Protein crystallization facilitated by molecularly imprinted polymers

Abstract

We present a previously undescribed initiative and its application, namely the design of molecularly imprinted polymers (MIPs) for producing protein crystals that are essential for determining high-resolution 3D structures of proteins. MIPs, also referred to as "smart materials," are made to contain cavities capable of rebinding protein; thus the fingerprint of the protein created on the polymer allows it to serve as an ideal template for crystal formation. We have shown that six different MIPs induced crystallization of nine proteins, yielding crystals in conditions that do not give crystals otherwise. The incorporation of MIPs in screening experiments gave rise to crystalline hits in 8-10% of the trials for three target proteins. These hits would have been missed using other known nucleants. MIPs also facilitated the formation of large single crystals at metastable conditions for seven proteins. Moreover, the presence of MIPs has led to faster formation of crystals in all cases where crystals would appear eventually and to major improvement in diffraction in some cases.

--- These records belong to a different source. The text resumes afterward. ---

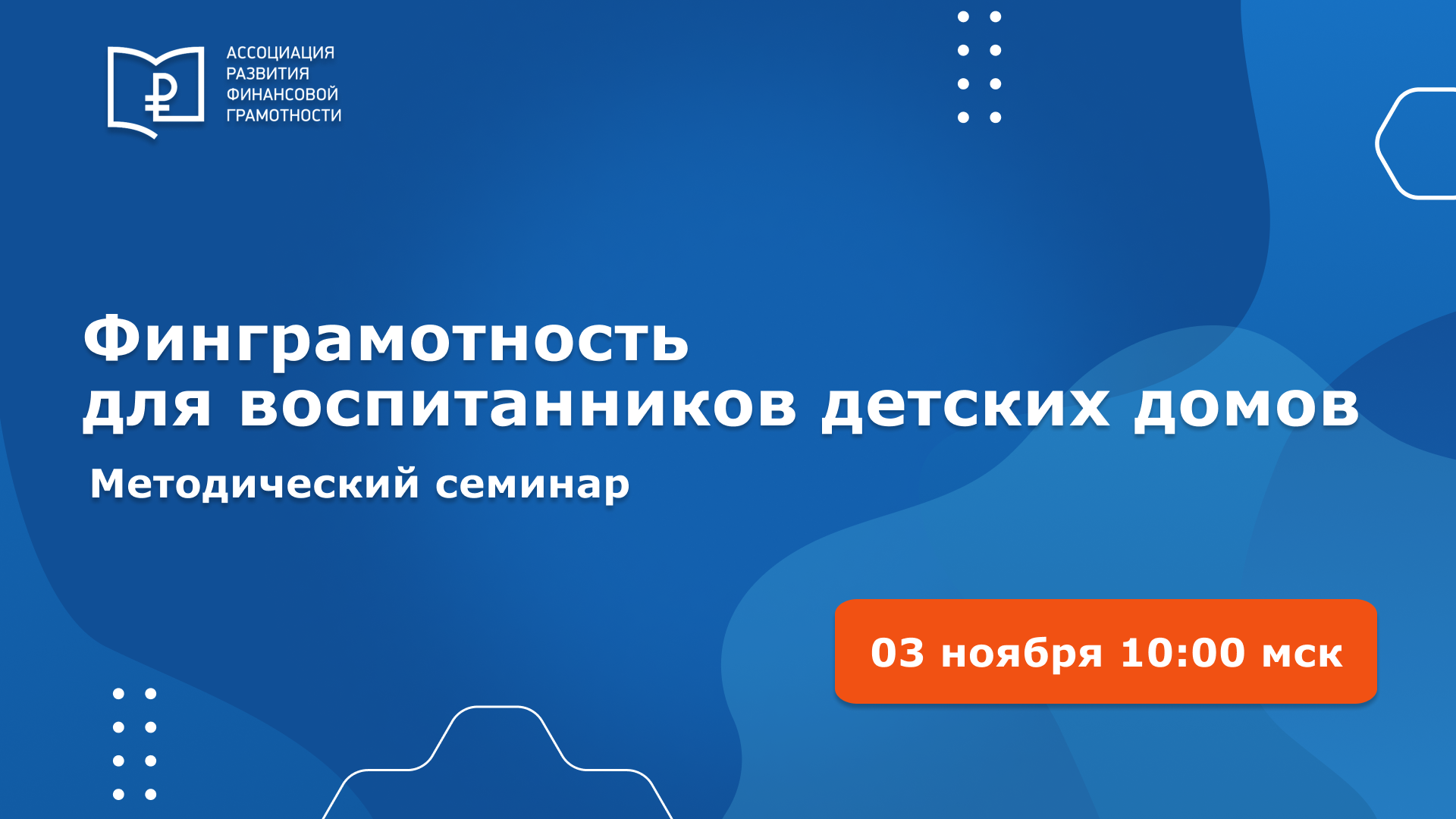 Проекты и практики повышения финансовой грамотности для воспитанников детских домов
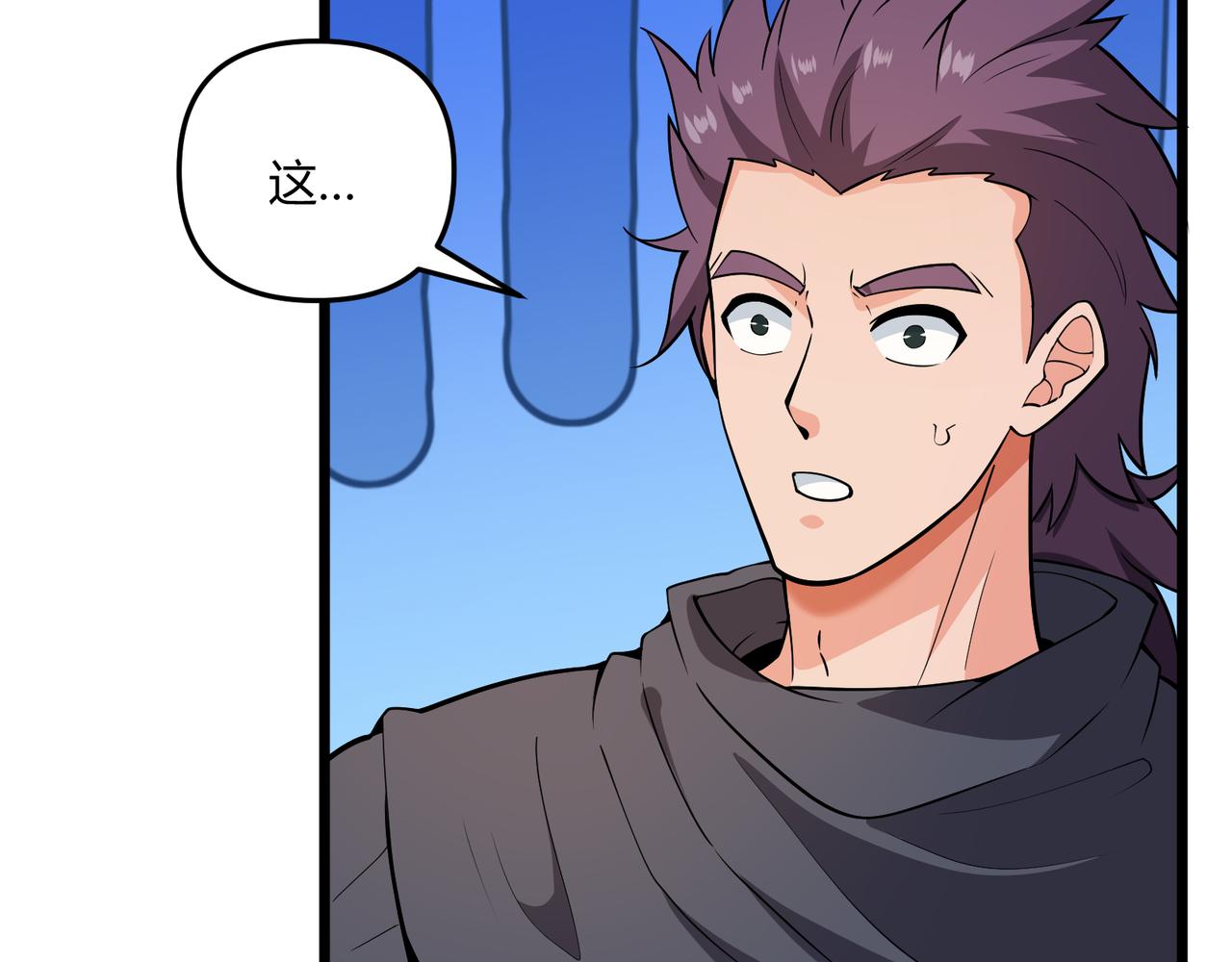 第30话 必胜的把握65
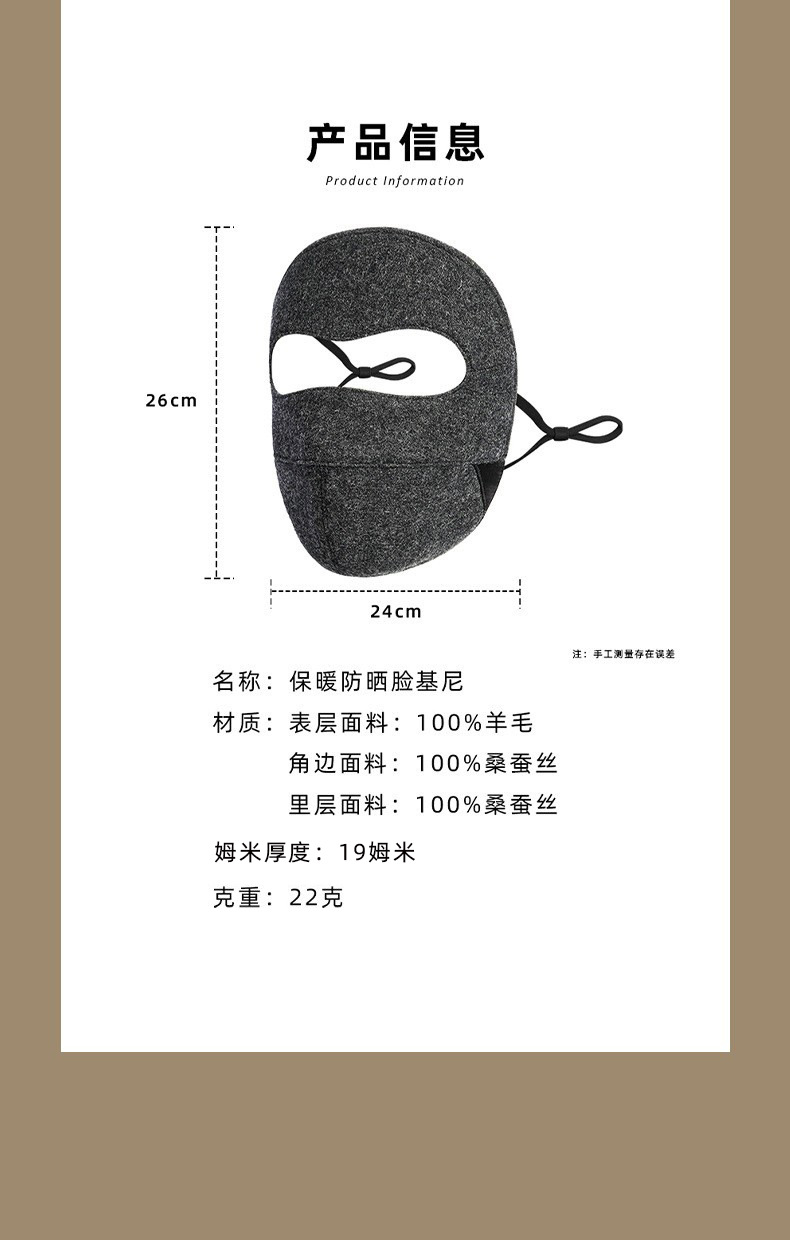 灰色女性模特防晒面纱面罩骑行面罩防晒面罩详情16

The MIPs were effective for their cognate proteins and also for other proteins, with size compatibility being a likely criterion for efficacy. Atomic force microscopy (AFM) measurements demonstrated specific affinity between the MIP cavities and a protein-functionalized AFM tip, corroborating our hypothesis that due to the recognition of proteins by the cavities, MIPs can act as nucleation-inducing substrates (nucleants) by harnessing the proteins themselves as templates.

Fig. 1.

MIF crystallization trials in the presence of T-MIP and NIP. The MIP and NIP have a translucent gel-like appearance. When added to crystallization drops, they spread out and can fragment. (A) A single MIF crystal grown in a drop containing T-MIP. The MIP is indicated by the arrow. Scale bar corresponds to 0.1 mm. (B) Drop containing NIP at identical conditions; no crystals are formed. Scale bar corresponds to 0.15 mm.

Fig. 2.

Progression of the formation of trypsin crystals on trypsin-imprinted MIP. (A) Phase separation, (B) crystalline aggregation at the protein-rich droplets (Bottom Left), and large single crystal. Scale bars correspond to 0.05 mm.

Fig. 3.

Results of screening with the Index screen. (A) A hit containing MIF crystals in solution 5, scale bar corresponds to 0.15 mm. (B) A hit containing alpha crustacyanin crystals in solution 43, scale bar corresponds to 0.05 mm. The color of the alpha crustacyanin protein is blue, hence the dark color of the crystals.

Fig. 4.

A typical force-distance graph detailing the interrogation of MIP with a BHb-conjugated 10 nm (radius of curvature) silicon nitride AFM probe. The gray line shows the tip descending, initially without contact with the surface. At some point, the tip jumps into contact with the surface and indents into it. The black line shows the tip retracting: The adhesion/bonding between tip and sample causes the cantilever to adhere to the sample. As the retraction continues, the adhesion breaks. The cycle can then be repeated.